As he relaxed, the comforting solidity of the Sun, the clockwork of the familiar planets and the moon rang in on him. Our own solar system was as charming and as simple as an ancient cuckoo clock filled with familiar ticking and with reassuring noises. The odd little moons of Mars swung around their planet like frantic mice, yet their regularity was itself an assurance that all was well. Far above the plane of the ecliptic, he could feel half a ton of dust more or less drifting outside the lanes of human travel.
Here there was nothing to fight, nothing to challenge the mind, to tear the living soul out of a body with its roots dripping in effluvium as tangible as blood.
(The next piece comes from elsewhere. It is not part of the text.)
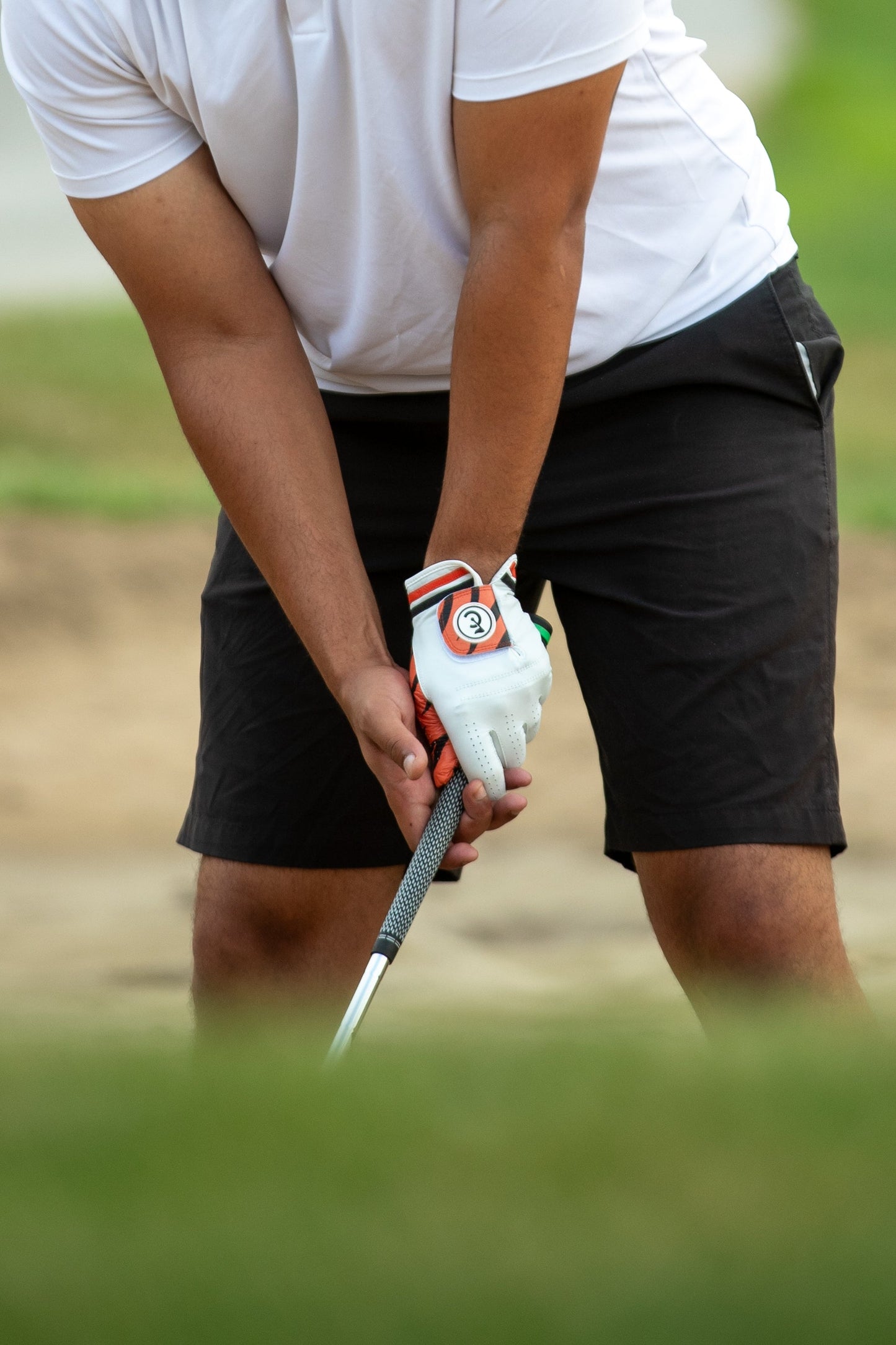 "Tiger" Golf Glove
Nothing ever moved in on the solar system. He could wear the pinset forever and be nothing more than a sort of telepathic astronomer, a man who could feel the hot, warm protection of the sun throbbing and burning against his living mind.
Woodley came in.
"Same old ticking world," said Underhill. "Nothing to report. No wonder they didn't develop the pin-set until they began to planoform. Down here with the hot sun around us, it feels so good and so quiet. You can feel everything spinning and turning. It's nice and sharp and compact. It's sort of like sitting around home."
Woodley grunted. He was not much given to flights of fantasy.
Undeterred, Underhill went on, "It must have been pretty good to have been an ancient man. I wonder why they burned up their world with war. They didn't have to planoform. They didn't have to go out to earn their livings among the stars. They didn't have to dodge the rats or play the game. They couldn't have invented pinlighting because they didn't have any need of it, did they, Woodley?"
Woodley grunted, "Uh-huh." Woodley was twenty-six years old and due to retire in one more year. He already had a farm picked out. He had gotten through ten years of hard work pinlighting with the best of them. He had kept his sanity by not thinking very much about his job, meeting the strains of the task whenever he had to meet them and thinking nothing more about his duties until the next emergency arose.
Woodley never made a point of getting popular among the partners. None of the partners liked him very much. Some of them even resented him. He was suspected of thinking ugly thoughts of the partners on occasion, but since none of the partners ever thought a complaint in articulate form, the other pinlighters and the chiefs of the Instrumentality left him alone.
Underhill was still full of the wonder of their job. Happily he babbled on, "What does happen to us when we planoform? Do you think it's sort of like dying? Did you ever see anybody who had his soul pulled out?"